### Problem
Copy task for the material below: print the line with "Brand New Infant Robe Never Used $5" and every line after it to the end, exactly as written, without the pictures.

### Recorded information
[Start of section]
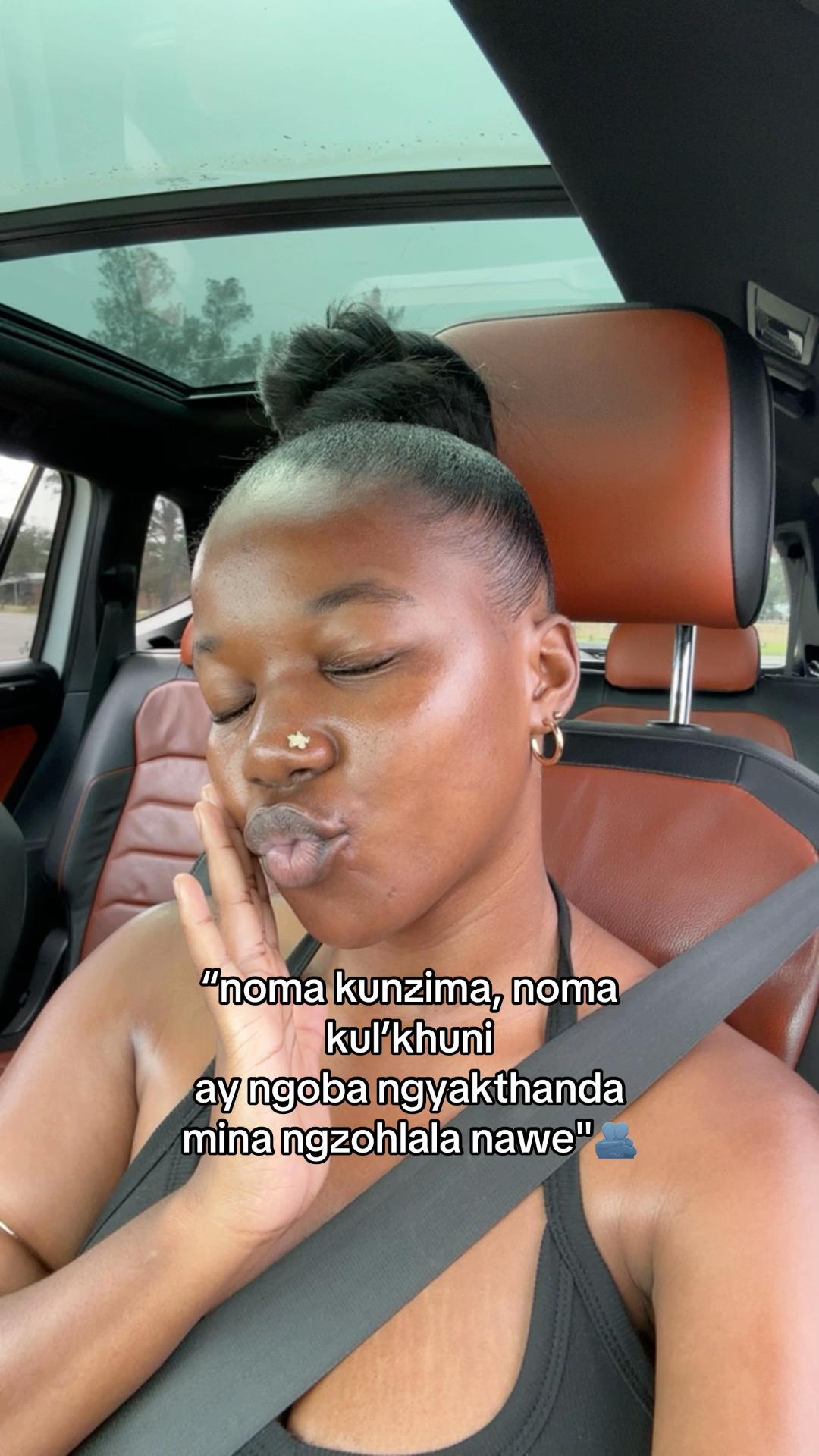 @𝓐𝓴𝓱𝓸𝓷𝓪 𝓜𝓪𝓷𝓭𝓵𝓪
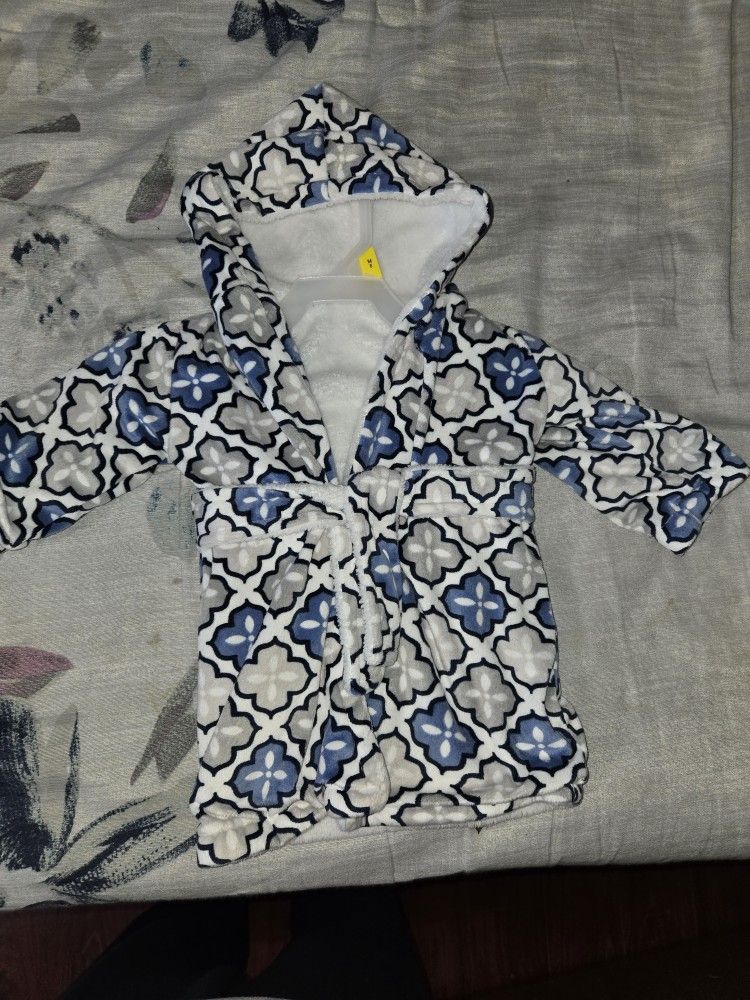 Brand New Infant Robe Never Used $5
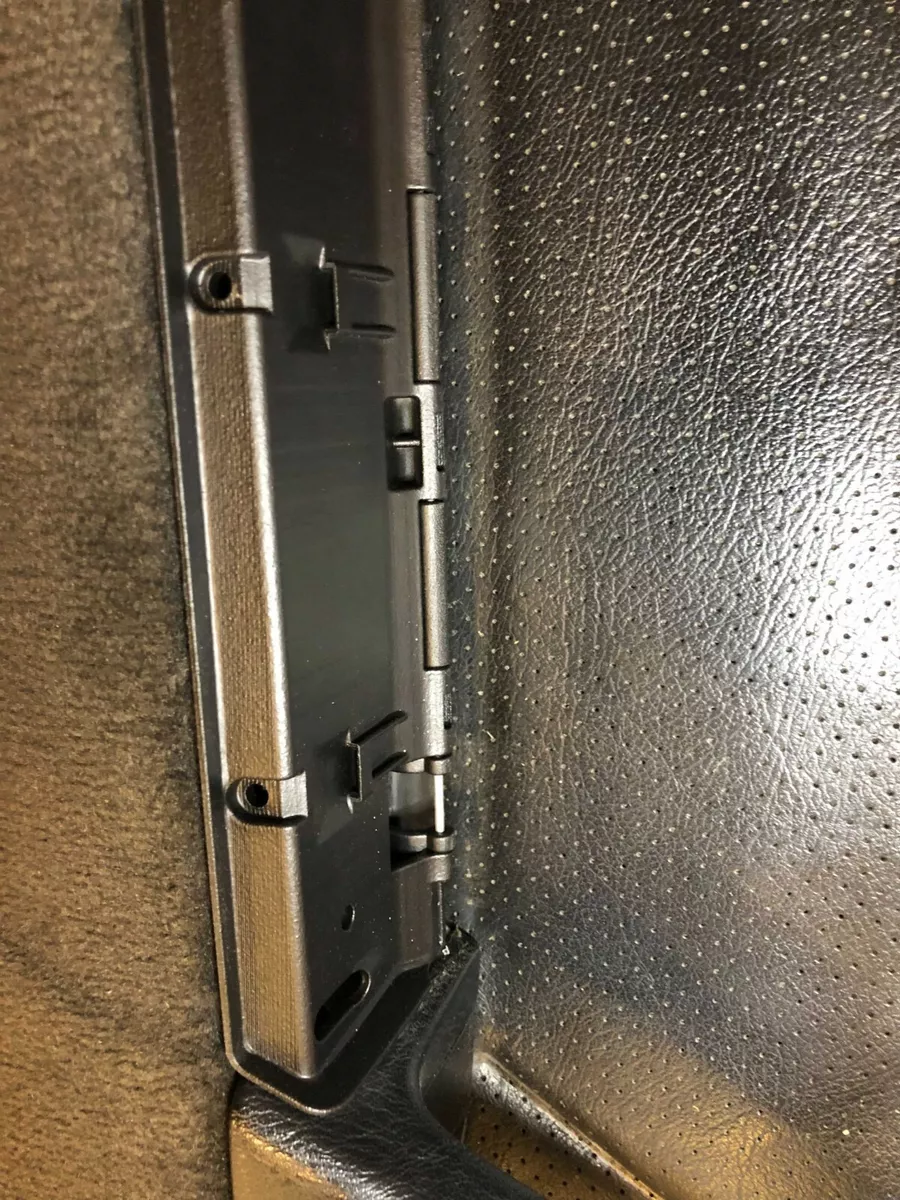R129 pre-lift Door glove compartment lid hinge left or right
[End of section]
### Exercise solution
 Brand New Infant Robe Never Used $5
R129 pre-lift Door glove compartment lid hinge left or right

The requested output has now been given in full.